Excluding pictures, transcribe precisely the lines from the one containing "16 Anchorite Way Red Beach_24" to the final line of the listing below, inclusive, and nothing more.

*Recorded information*:
=== Begin Enclosure ===

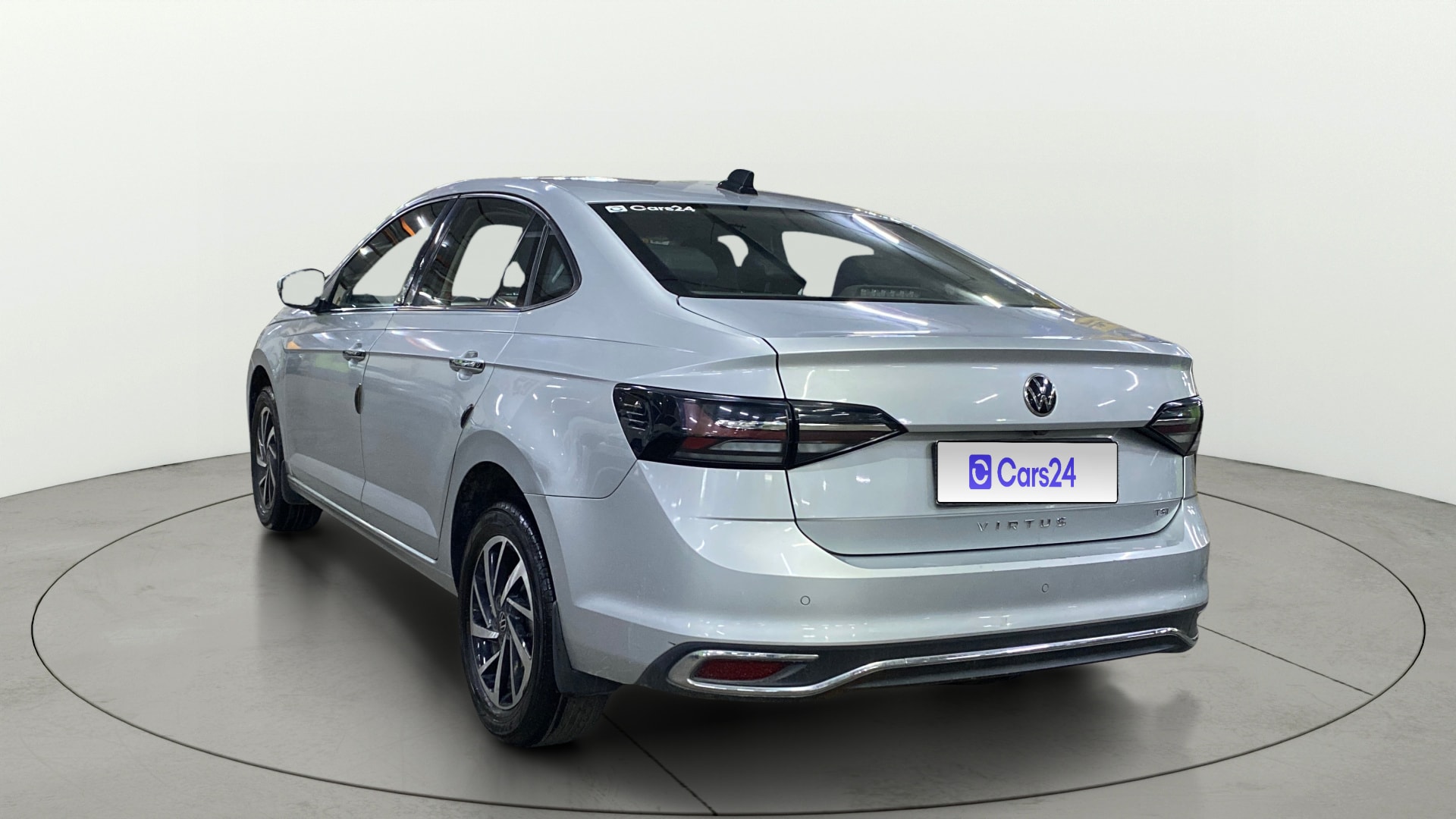 View 2022 Volkswagen Virtus Topline 1.0 TSI MT Image 2 Used 2022 Volkswagen Virtus Topline 1.0 TSI MT Image 2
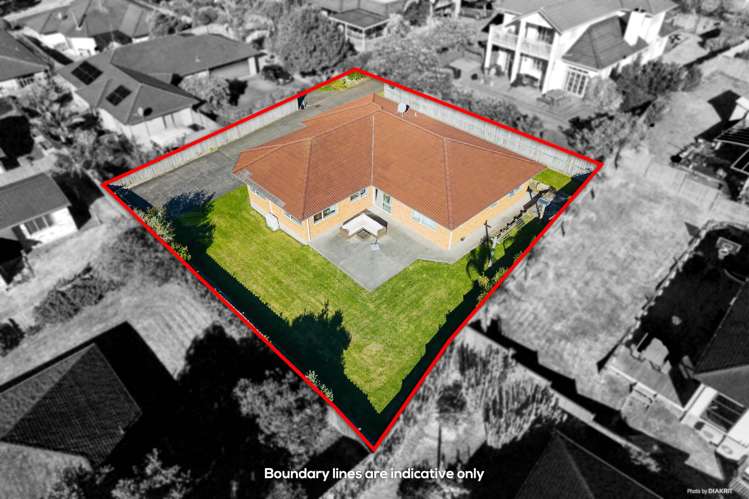 16 Anchorite Way Red Beach_24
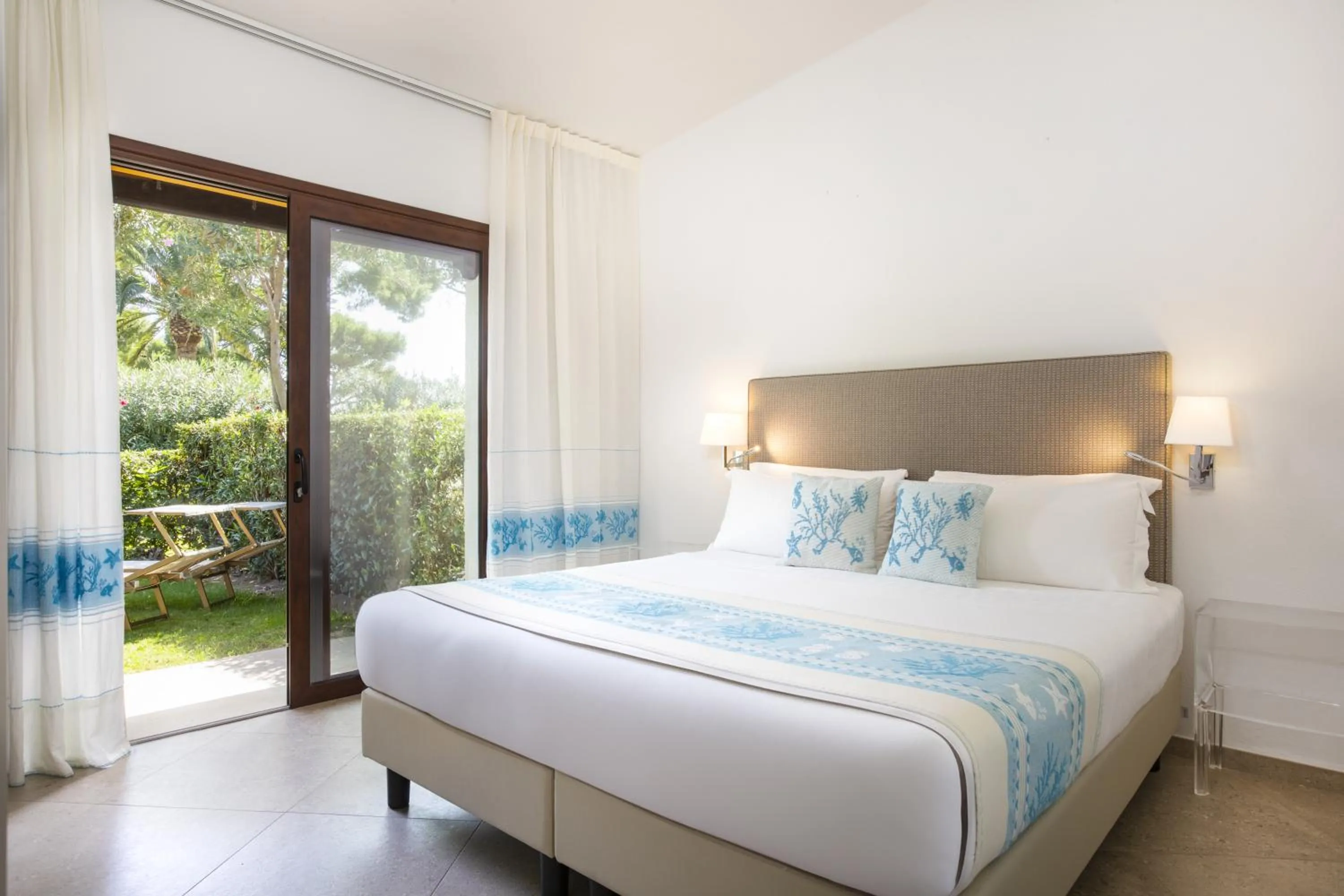 Bed in Cormoran Hotel & Residence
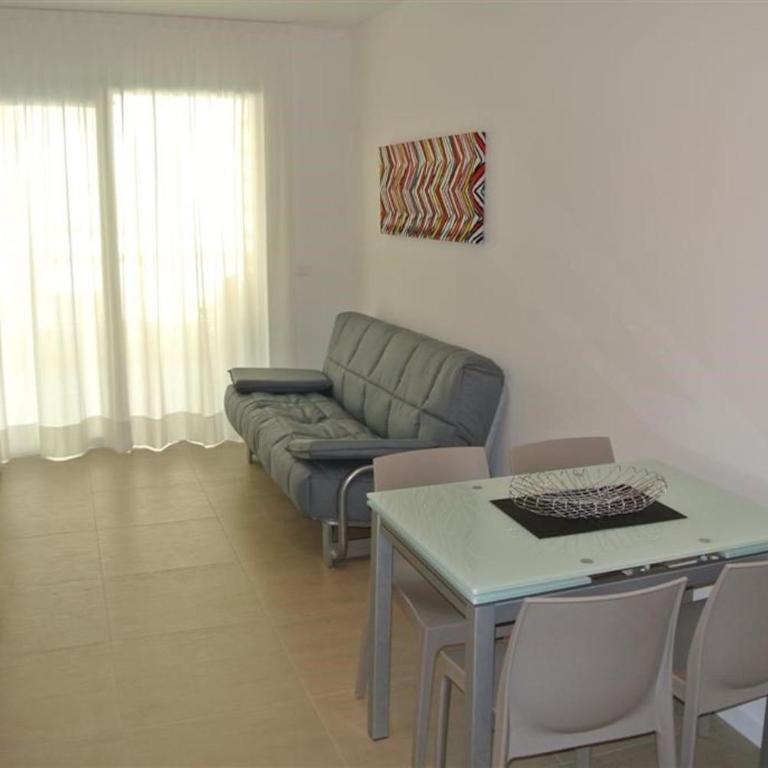 Comfortable flat with spacious terrace - Apartment - 6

=== End Enclosure ===

*Written answer*:
 16 Anchorite Way Red Beach_24
 Bed in Cormoran Hotel & Residence
 Comfortable flat with spacious terrace - Apartment - 6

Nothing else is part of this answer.